The refrigeration cycle apparatus according to claim 1, wherein
when a total operation time of the compressor during the normal operation of the refrigerant circuit is longer than a reference time and the amount of oil in the compressor is equal to or smaller than a prescribed value, the refrigerant circuit performs the oil recovery operation.
The refrigeration cycle apparatus according to claim 2, wherein
when the total operation time of the compressor during the normal operation of the refrigerant circuit is longer than the reference time and the amount of oil in the compressor is greater than the prescribed value, the total operation time is reset.
The refrigeration cycle apparatus according to claim 1, wherein
when the number of start/stop times of the compressor during the normal operation of the refrigerant circuit is greater than a reference number of times and the amount of oil in the compressor is equal to or smaller than a prescribed value, the refrigerant circuit performs the oil recovery operation.
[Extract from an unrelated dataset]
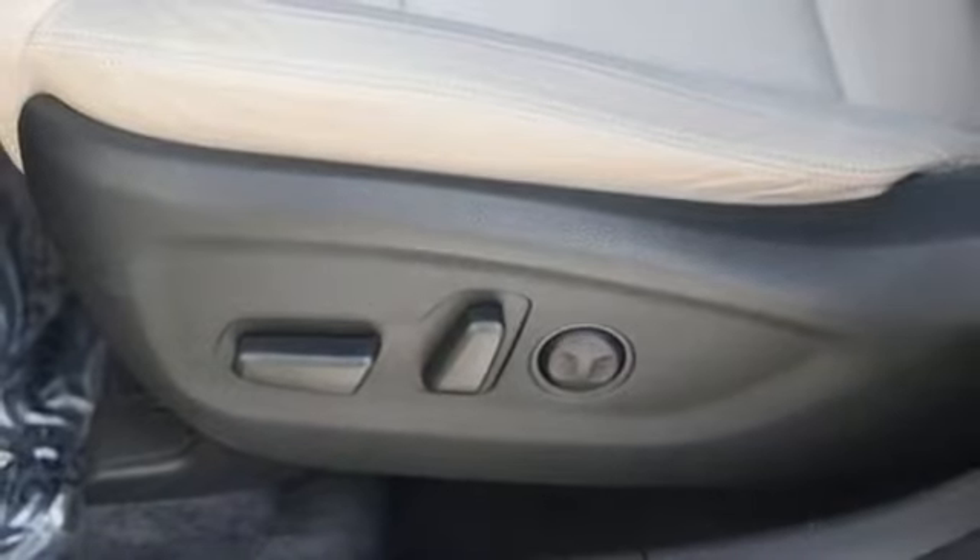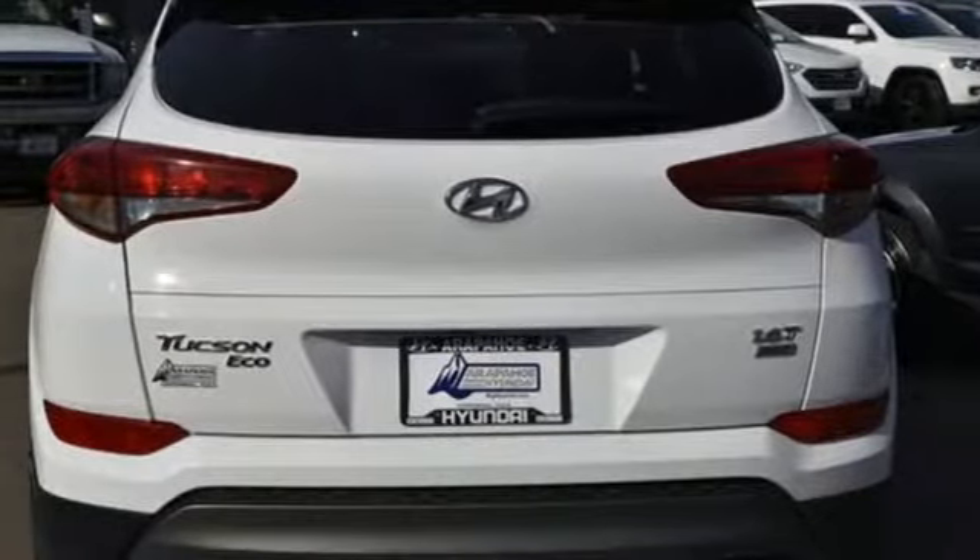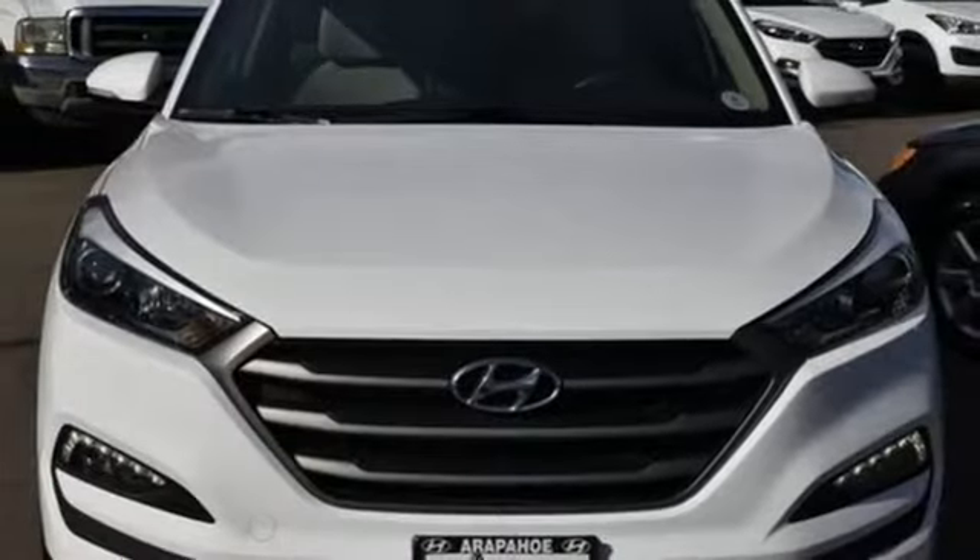External memory control, hands-free liftgate, three 12-volt power outlets, and power heated mirrors.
The refrigeration cycle apparatus according to claim 4, wherein
when the number of start/stop times of the compressor during the normal operation of the refrigerant circuit is greater than the reference number of times and the amount of oil in the compressor is greater than the prescribed value, the number of start/stop times is reset.
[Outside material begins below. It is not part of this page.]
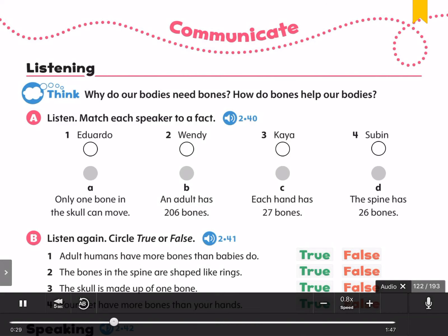The largest bone in your body is the femur, which is in the top half of your leg. The smallest bone is in your ear.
A refrigeration cycle apparatus comprising:
a refrigerant circuit including a compressor, a high-pressure side heat exchanger, a decompressor, and a low-pressure side heat exchanger, which are annularly connected by a refrigerant pipe, the refrigerant circuit being configured to circulate refrigerant; and

a sensor configured to detect an amount of oil in the compressor,

the refrigerant circuit performing an oil recovery operation based on an operation history of the compressor during a normal operation of the refrigerant circuit,

when the amount of oil in the compressor detected by the sensor is equal to or greater than a prescribed value during the oil recovery operation of the refrigerant circuit, the refrigerant circuit terminating the oil recovery operation.
The refrigeration cycle apparatus according to claim 6, wherein
when a total operation time of the compressor during the normal operation of the refrigerant circuit is longer than a reference time, the refrigerant circuit performs the oil recovery operation.
The refrigeration cycle apparatus according to claim 6, wherein
when the number of start/stop times of the compressor during the normal operation of the refrigerant circuit is greater than a reference number of times, the refrigerant circuit performs the oil recovery operation.